Thursday, April 16, 2009

Be careful what you wish for...

So, after the last post I made about babies and writing, apparently the respective gods of both took note. At 5:50 Am April 16 code name Roja arrived at the farm, albeit with the sort of drama that only babies, young children and old people can manage. Look up the term 'red sack' or 'red bag' birth along with the word horse, and you'll get all the info you need and more. But at the moment, things are looking good enough that I feel confident to list a time line for little Roja: 5:50 arrived with much fanfare (and a TINY bit of help) 8:00 Mom had no milk yet and I was hungry and minus colostrum, got stomach tubed 10:30 Got slathered in milk replacer that was supposed to be ingested, officially earned the certificate for achieving status of "Pain in the Ass" 12:00 Mom's still slacking, got the damn stomach tube again 2:00 managed to actually consume some of the milk replacer, even kind of liked it 3:45 Drank milk replacer, and dang, it was pretty good, pooped on A. Grey's sister, code name Fenris "Revenge is mine!" status upgraded to "Real pain in the ass" 4:30, officially reached, bucking, farting, kicking, galloping circles situation pretty damn normal stage. Hoping to avoid getting poked with plasma when the vet gets here....

Wednesday, April 15, 2009

Having Babies vs Writing

I've spent the last week staring at a very swollen, very contrary, very uncomfortable horse waiting on her to decide that it's time for her to disgorge the tiny-tot she's been busy growing the last eleven months. I haven't gotten much written, I've slept about eight good hours in the last hundred and eight, and neither I nor the horse have anything to show for it. But I have come to a few conclusions, the primary of these being that when someone says 'writing a book is like having a baby' they are absolutely correct. I have never had a baby myself, but I've raised my share of babies of the equine kind and really, they aren't all that different from the two legged variety, and all babies are just like books.

You spend months, maybe years, growing your ideas to adulthood, trying to guide them to become the best that they can be, the most well rounded and self-sustaining. And then, just when you deem them perfect, you have to release them to other people, like sending a child to college, letting them out into a world where they'll be subjected to things you never wanted them to face, opinions you never wanted them to hear. And just like a child, you can't protect your book from everything bad, not if you want it to mature so that it can make its own way in the world. And no matter how you've raised your book, you can't stop other people from seeing things in it that you never saw, or never thought you'd see. All you can do is be true to your book, give it all that you can, bless it with a strong voice and strong characters, a gripping story and then stand back and allow it to go its way. Do your best and leave the rest, as the saying goes.

So now I'm going to head back out and stare at the reluctant baby-mama some more as if I could send out a tractor beam from my eyeballs and draw the foal into the world by sheer will power. Once the little thing does make it's appearance, of course, there will be only so much I can teach it before it's grown and I have to let it go its own way and be a horse. Just like I'll have to eventually hand over the stories and books I've spent so long creating to other people, people who hopefully will introduce them to the rest of the world...

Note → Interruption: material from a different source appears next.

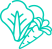 Verduras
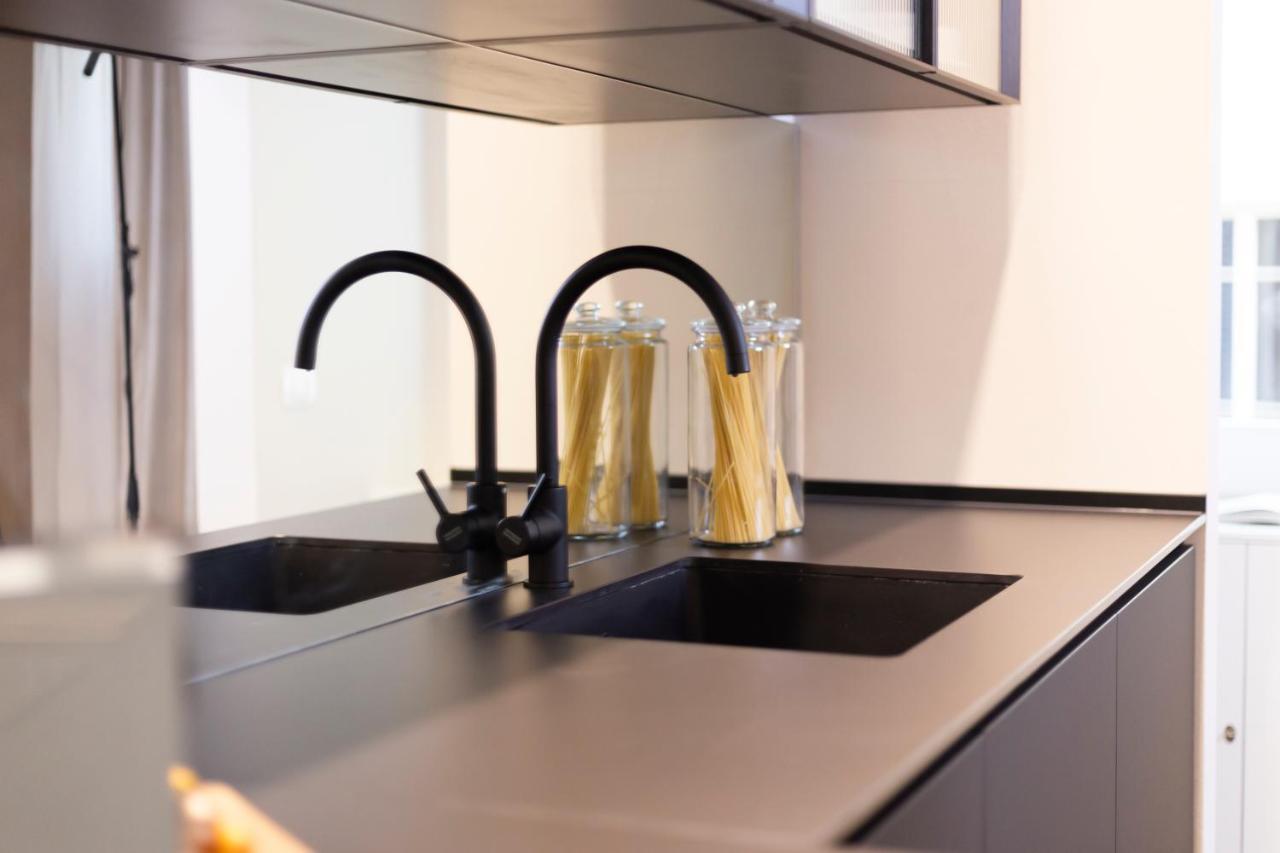 San Marco - Fillyourhomewithlove Design Apartment Florencja Zewnętrze zdjęcie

The Adoration of Jenna Fox

I got 'The Adoration of Jenna Fox' last night. I read it in three hours, counting bathroom breaks and two cat fights. (My Ari and my dad's immense Griffon are mortal enemies, except when they aren't) I absolutely loved the book. It was well written, well thought out, gripping and yet easy to read and understand. In a way, A of J F reminded me of a book I read way back in my school days called 'Eva' the difference being that in 'Eva' the girl's brain was transplanted into a chimp. I'm forced to say that A of J F was, in my opinion, a much better book.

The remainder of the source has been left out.